As soon as the line containing "forget me not, poppy" appears in the material below, start returning lines exactly, and end with the line containing "KP / ケーピー スウェット".

## [Data for this exercise]

........

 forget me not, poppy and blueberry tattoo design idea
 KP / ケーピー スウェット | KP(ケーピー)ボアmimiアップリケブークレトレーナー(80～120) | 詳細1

........

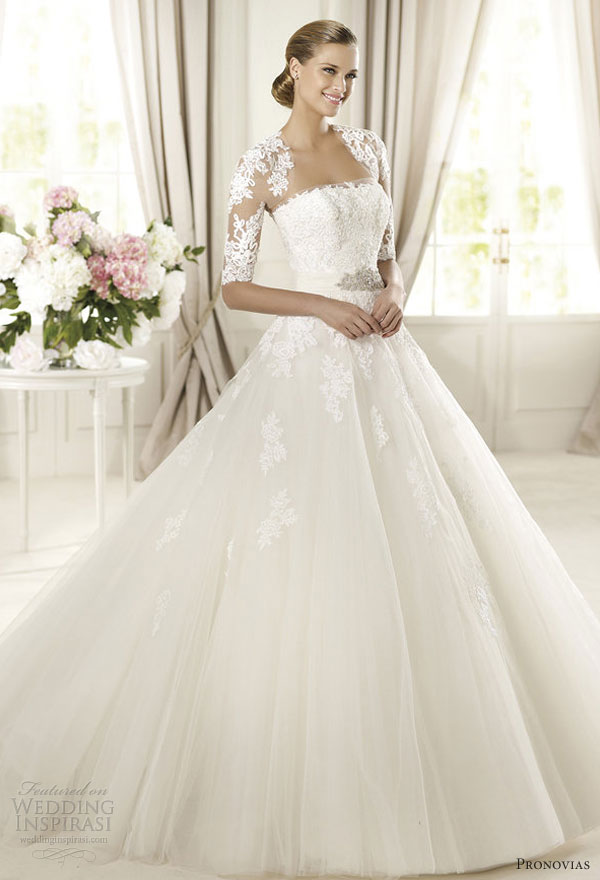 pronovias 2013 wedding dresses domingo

........

## [Solved exercise]
 forget me not, poppy and blueberry tattoo design idea
 KP / ケーピー スウェット | KP(ケーピー)ボアmimiアップリケブークレトレーナー(80～120) | 詳細1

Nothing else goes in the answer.